Thanks, Anthony! That makes sense. La Flesche 1932 has the same word.
It's very nice to see that it is attested at such an early date! Can you
tell us anything about the historical context of these sources, and the
date of that "very early Osage publication"? That would be very
interesting!
I think we could probably reconstruct the 'book' sequence as follows:
Dhegihan *gre'ze/gre'se, 'striped'
19th century Osage wagre'se, 'striped thing', 'book'
19th century Omaha waba'greze, 'thing striped by pushing/writing', 'paper
with writing', 'book'
20th century Omaha wabra'gase, 'book' (after metathesis)
20th century Omaha wagra'base, 'book' (after metathesis)

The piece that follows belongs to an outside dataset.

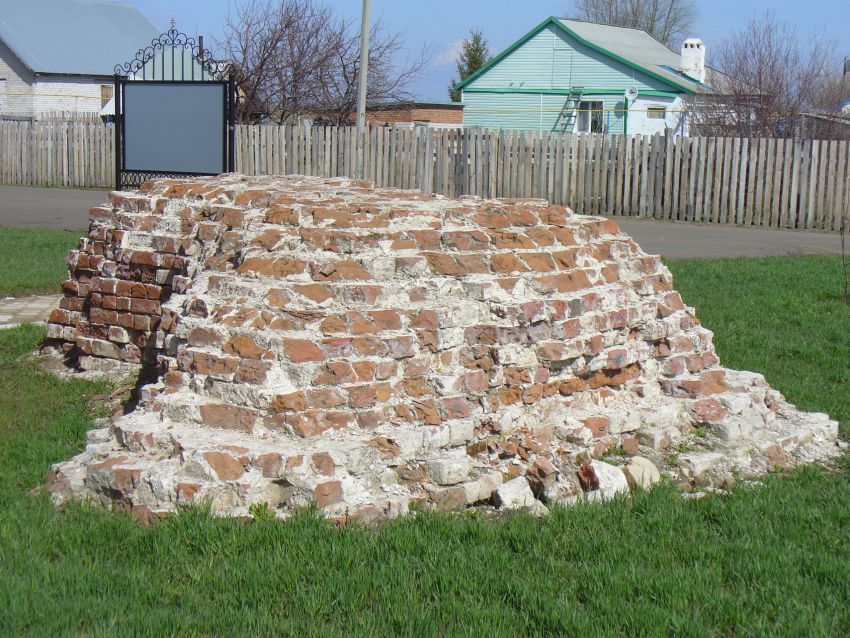 Церковь Воскресения Словущего, Алексеевское (Алексеевский район, Республика Татарстан). архитектурные детали, Все, что осталось от северо-восточного угла церкви..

Dorsey and Fletcher & La Flesche both have the waba'greze term. The
Stabler-Swetland dictionary (1970s) has both the the wabra'gase and
wagra'base terms for both 'book' and 'paper'. It also includes about three
compounds that use waba'greze, though these may be coming from Fletcher &
La Flesche. I believe our elder speaker today has come down firmly in
favor of wagra'base, at least for 'book'.
Dorsey records a different term for 'book' from Ponka: waba'g^u. This
would mean 'a thing written', based on bag^u', 'to write'.
It looks like the Omaha term may be based on the Osage term, but loosely,
at a time when the word was more descriptive than nominal. Ponka took a
different route, but used the same term for 'write' as the Omaha. La
Flesche (1932) does not seem to record a word for 'write' from Osage. The
Dakota forms for 'write' (Williamson) are entirely different.
The term must have come into Omaha at least by their Bellevue period
(~1845-1855), when they were living next to a major wagon train terminus
and their children were being educated by missionaries. Perhaps it came in
earlier, even as early as the late 18th century, as a reference to traders'
ledger books. It would be interesting to know the Iowa-Oto term(s), as the
latter share with the Omaha a lot of acculturation terms that probably came
in during the Bellevue period. The Kaw term would also be nice to know.
In any case, this word supports what we seemed to find with bru'ga/gru'ba,
that the brVgV/grVbV alternation is a phenomenon of early 20th century
Omaha, and is presumably irrelevant to other Siouan languages.